NASA’s James Webb Space Telescope is slated to become the most powerful space telescope ever built, but it’s not quite space-worthy just yet.
The heart of the space observatory arrived safely at Northrop Grumman Aerospace Systems in Redondo Beach, California last week, and despite undergoing a slew of extensive tests in Houston, Texas already, NASA says there are more tests to complete before it’s ready for launch in 2019.
Image Credit: NASA/Chris Gunn
“Extensive and rigorous testing prior to launch has proven effective in ensuring that NASA’s missions achieve their goals in space,” noted Eric Smith, the program director for the James Webb Space Telescope at NASA.
“Webb is far along into its testing phase and has seen great success with the telescope and science instruments, which will deliver the spectacular results we anticipate,” he continued.
In its current form, the James Webb Space Telescope isn’t yet fully assembled. The heart of the spacecraft still needs to be mounted to the spacecraft chassis, which includes the multi-layered sunshield that will protect the sensitive instruments from the intensely-bright Sun. Fortunately, everything else is already at the Northrop Grumman Aerospace Systems facility.
After engineers put everything together, the completed space telescope will undergo additional scrupulous testing to ensure that everything deploys as we’d expect it to in space. This involves testing the origami-like folding features of the telescope’s primary mirror and sunshield, all of which must be packed into a cramped rocket’s cargo hold for space delivery.

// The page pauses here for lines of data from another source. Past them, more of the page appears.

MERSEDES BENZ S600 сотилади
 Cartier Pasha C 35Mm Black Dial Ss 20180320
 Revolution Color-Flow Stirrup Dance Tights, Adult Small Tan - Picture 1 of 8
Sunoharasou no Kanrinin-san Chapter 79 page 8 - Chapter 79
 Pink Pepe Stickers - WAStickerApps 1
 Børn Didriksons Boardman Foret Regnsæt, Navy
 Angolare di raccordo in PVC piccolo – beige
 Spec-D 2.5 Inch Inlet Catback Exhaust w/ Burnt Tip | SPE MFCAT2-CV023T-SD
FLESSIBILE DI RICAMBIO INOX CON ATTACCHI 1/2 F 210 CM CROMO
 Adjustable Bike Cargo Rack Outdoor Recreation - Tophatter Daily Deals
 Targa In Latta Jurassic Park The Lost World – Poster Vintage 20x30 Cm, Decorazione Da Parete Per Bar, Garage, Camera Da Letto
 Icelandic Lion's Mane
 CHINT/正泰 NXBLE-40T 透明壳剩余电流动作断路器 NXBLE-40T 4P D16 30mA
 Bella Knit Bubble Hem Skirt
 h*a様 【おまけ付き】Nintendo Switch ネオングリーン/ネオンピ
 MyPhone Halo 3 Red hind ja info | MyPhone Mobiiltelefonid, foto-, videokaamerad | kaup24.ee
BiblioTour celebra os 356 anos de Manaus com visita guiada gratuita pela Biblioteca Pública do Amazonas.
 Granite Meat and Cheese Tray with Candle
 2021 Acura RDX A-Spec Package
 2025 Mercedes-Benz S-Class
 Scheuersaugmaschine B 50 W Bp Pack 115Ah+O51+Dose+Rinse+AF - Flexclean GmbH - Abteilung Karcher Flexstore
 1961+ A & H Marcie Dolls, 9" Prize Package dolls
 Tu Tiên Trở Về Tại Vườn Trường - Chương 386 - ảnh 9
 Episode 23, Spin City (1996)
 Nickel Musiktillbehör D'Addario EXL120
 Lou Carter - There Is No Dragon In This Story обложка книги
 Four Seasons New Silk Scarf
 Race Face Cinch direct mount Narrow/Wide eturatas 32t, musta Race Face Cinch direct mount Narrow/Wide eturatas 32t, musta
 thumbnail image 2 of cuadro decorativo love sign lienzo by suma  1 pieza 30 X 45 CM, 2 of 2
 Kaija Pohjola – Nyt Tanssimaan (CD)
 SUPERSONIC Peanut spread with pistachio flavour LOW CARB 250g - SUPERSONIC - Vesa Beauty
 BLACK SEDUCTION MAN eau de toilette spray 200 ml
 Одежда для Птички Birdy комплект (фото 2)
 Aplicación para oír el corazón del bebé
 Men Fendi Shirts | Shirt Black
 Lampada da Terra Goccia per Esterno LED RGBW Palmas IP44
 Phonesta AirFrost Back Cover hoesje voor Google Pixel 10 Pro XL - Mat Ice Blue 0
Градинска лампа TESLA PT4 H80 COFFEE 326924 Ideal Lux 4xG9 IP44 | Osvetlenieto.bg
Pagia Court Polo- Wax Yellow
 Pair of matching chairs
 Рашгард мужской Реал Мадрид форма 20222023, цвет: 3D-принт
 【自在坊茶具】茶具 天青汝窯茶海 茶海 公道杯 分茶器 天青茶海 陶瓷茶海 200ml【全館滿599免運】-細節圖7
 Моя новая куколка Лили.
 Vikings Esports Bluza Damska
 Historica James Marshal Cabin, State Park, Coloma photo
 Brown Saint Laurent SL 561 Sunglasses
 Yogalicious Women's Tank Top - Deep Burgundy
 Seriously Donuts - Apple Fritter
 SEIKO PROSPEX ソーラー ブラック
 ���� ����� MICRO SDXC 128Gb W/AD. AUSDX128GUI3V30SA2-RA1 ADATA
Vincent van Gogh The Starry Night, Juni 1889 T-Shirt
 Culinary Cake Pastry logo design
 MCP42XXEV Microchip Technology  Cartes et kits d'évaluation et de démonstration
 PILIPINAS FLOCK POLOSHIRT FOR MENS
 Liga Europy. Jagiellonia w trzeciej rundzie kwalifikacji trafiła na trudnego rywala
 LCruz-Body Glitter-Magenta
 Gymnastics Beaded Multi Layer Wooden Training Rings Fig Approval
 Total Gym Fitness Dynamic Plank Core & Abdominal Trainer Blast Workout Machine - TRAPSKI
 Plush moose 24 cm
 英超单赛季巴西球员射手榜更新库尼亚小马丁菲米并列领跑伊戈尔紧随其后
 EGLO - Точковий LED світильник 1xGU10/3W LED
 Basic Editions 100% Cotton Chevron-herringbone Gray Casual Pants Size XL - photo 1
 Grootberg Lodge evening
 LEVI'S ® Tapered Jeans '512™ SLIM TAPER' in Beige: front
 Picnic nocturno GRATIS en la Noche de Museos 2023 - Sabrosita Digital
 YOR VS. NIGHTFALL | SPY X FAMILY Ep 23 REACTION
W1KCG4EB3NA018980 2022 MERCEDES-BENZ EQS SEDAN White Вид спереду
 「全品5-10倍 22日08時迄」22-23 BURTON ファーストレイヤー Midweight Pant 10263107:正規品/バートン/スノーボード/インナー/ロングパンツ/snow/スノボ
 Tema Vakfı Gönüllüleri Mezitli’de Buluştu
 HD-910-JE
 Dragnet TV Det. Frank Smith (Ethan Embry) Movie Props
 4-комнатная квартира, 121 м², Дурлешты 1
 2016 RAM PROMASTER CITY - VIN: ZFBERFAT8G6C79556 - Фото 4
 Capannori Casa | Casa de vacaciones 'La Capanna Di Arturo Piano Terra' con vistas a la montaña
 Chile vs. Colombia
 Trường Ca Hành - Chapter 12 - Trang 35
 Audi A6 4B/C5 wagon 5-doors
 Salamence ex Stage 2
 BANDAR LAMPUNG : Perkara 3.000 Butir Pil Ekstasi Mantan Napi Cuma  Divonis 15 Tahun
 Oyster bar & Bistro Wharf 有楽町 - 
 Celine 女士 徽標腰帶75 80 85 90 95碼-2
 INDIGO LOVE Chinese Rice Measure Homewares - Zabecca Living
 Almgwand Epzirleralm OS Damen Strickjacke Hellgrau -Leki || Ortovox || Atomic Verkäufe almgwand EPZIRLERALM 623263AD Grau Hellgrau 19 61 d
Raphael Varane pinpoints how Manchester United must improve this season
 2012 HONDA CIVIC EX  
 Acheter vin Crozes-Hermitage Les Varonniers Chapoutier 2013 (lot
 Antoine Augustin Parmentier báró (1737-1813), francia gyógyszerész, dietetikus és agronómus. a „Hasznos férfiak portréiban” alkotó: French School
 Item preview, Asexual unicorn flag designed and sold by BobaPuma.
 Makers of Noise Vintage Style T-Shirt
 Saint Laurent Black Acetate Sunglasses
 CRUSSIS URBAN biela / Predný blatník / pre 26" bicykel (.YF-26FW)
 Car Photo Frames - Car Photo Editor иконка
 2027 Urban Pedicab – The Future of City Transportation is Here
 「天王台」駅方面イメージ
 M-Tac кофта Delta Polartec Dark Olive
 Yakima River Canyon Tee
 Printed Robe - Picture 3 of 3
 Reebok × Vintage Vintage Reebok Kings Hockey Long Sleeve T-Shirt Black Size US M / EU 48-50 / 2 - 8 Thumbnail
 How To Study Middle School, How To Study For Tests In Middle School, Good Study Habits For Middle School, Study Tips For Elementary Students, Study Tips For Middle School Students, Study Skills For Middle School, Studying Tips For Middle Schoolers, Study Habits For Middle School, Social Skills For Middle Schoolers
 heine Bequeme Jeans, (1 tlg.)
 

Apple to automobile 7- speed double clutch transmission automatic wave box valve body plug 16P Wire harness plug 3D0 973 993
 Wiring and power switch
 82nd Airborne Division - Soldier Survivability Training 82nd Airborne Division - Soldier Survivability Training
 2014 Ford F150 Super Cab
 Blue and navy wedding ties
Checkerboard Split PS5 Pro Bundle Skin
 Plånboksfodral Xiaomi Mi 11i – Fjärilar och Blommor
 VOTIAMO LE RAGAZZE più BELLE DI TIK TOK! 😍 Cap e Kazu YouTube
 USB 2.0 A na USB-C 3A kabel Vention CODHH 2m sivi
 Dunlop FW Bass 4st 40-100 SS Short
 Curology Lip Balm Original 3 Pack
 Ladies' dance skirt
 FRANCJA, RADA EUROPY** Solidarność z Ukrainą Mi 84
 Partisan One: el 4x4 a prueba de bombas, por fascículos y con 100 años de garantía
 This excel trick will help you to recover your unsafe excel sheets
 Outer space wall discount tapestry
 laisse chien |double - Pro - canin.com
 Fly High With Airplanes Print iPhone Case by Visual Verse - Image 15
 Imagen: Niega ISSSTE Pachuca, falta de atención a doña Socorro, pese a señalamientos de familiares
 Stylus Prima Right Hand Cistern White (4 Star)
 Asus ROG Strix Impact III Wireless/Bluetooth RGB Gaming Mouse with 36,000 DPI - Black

Given just how important of a project the James Webb Space Telescope is for the future of space exploration, it’s not too surprising that NASA’s taking its time to ensure that everything goes according to plan. After all, it’d be easier to repair a malfunction from Earth’s surface than it would be once the observatory is floating around in space.
“At NASA, we do the seemingly impossible every day, and it's our job to do the hardest things humankind can think of for space exploration,” Smith added.
“The way we achieve success is to test, test and retest, so we understand the complex systems and verify they will work.”
NASA will continue updating the public as final assembly and testing commence, so it shouldn’t be too long before we hear the next update concerning the space telescope’s progress.